Could you retype all of the records exactly, leaving out every picture?

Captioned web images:
-*-

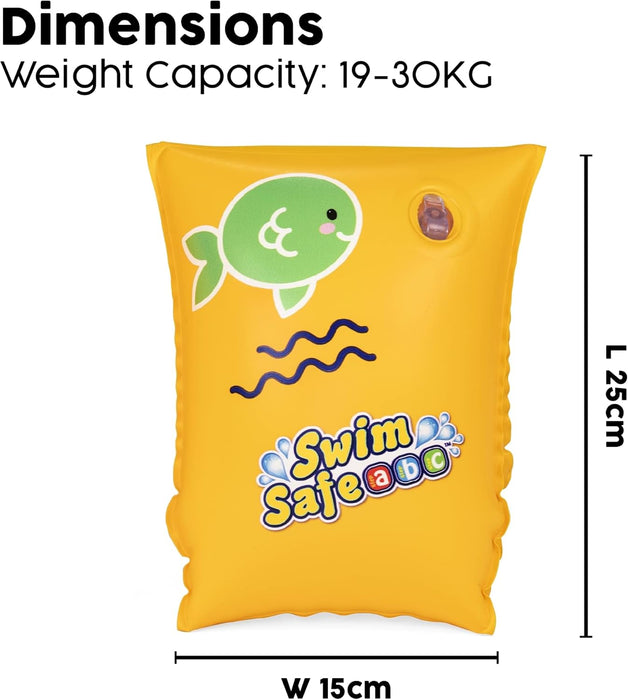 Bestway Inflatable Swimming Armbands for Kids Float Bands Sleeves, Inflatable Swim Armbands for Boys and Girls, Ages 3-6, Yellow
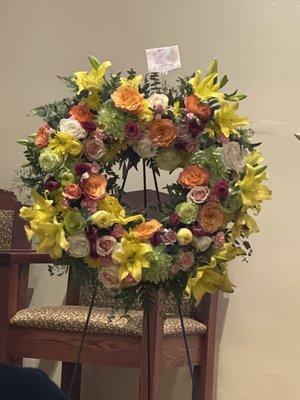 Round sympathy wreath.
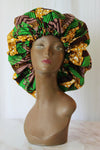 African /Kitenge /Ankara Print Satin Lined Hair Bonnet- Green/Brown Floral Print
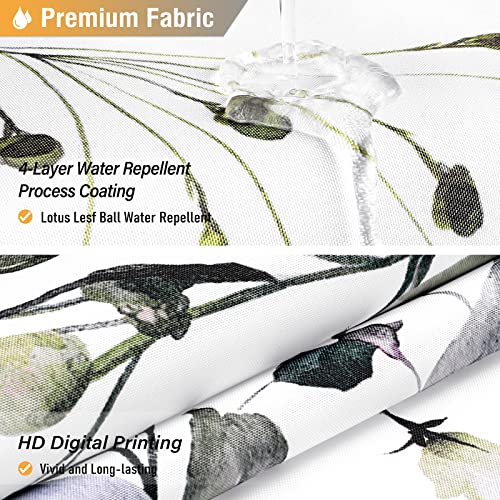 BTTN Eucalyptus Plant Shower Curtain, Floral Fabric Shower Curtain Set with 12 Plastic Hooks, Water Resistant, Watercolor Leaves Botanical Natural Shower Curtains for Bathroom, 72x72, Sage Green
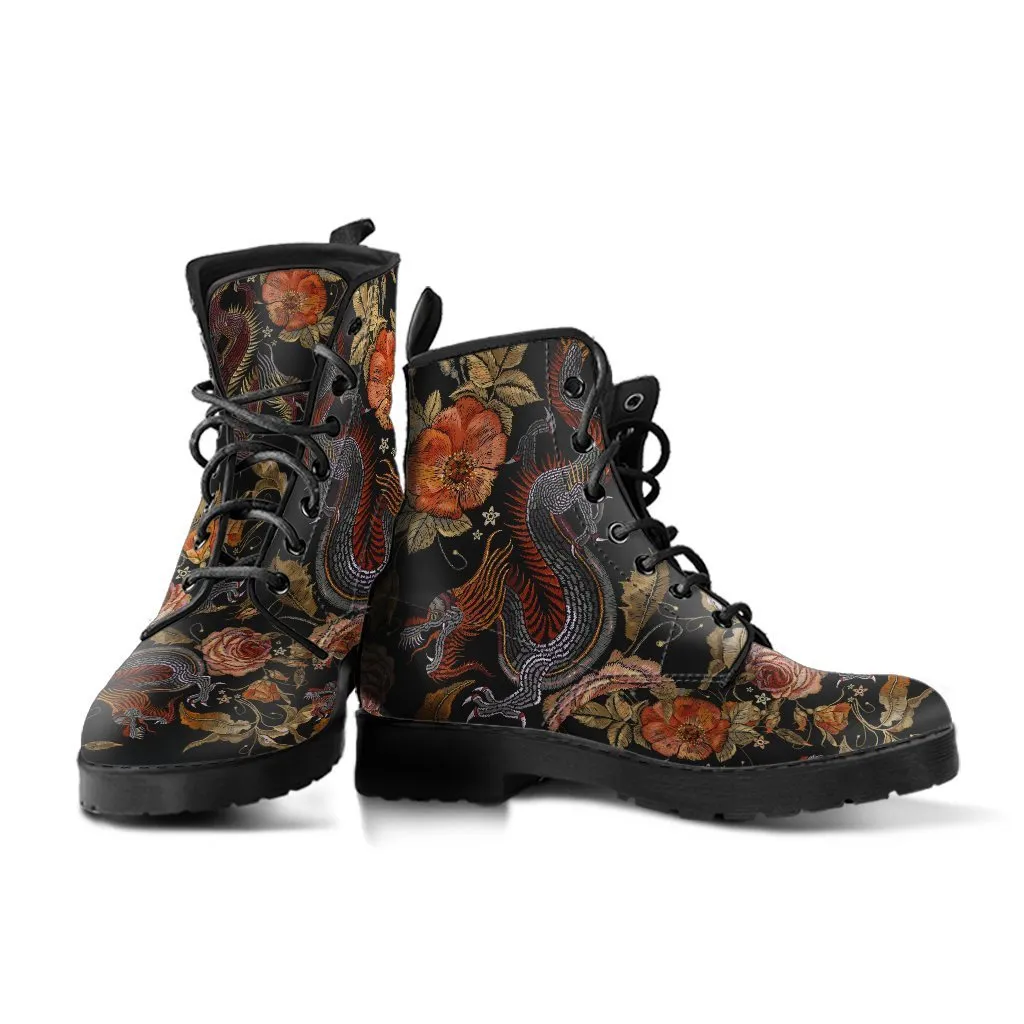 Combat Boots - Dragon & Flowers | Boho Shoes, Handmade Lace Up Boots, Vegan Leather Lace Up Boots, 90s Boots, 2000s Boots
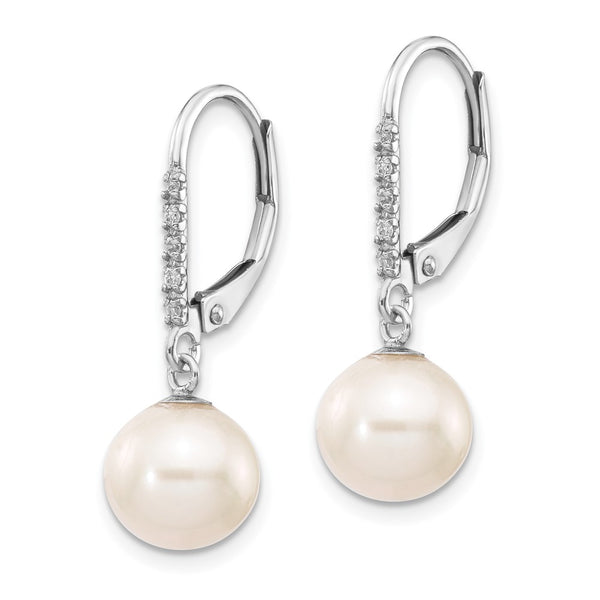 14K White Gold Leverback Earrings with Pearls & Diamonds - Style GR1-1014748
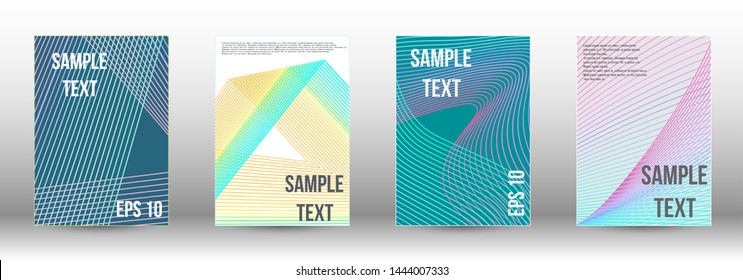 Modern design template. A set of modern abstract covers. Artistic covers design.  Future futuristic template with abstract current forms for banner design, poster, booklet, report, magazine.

-*-

Completed exercise —
 Bestway Inflatable Swimming Armbands for Kids Float Bands Sleeves, Inflatable Swim Armbands for Boys and Girls, Ages 3-6, Yellow
 Round sympathy wreath.
 African /Kitenge /Ankara Print Satin Lined Hair Bonnet- Green/Brown Floral Print
 BTTN Eucalyptus Plant Shower Curtain, Floral Fabric Shower Curtain Set with 12 Plastic Hooks, Water Resistant, Watercolor Leaves Botanical Natural Shower Curtains for Bathroom, 72x72, Sage Green
 Combat Boots - Dragon & Flowers | Boho Shoes, Handmade Lace Up Boots, Vegan Leather Lace Up Boots, 90s Boots, 2000s Boots
 14K White Gold Leverback Earrings with Pearls & Diamonds - Style GR1-1014748
 Modern design template. A set of modern abstract covers. Artistic covers design.  Future futuristic template with abstract current forms for banner design, poster, booklet, report, magazine.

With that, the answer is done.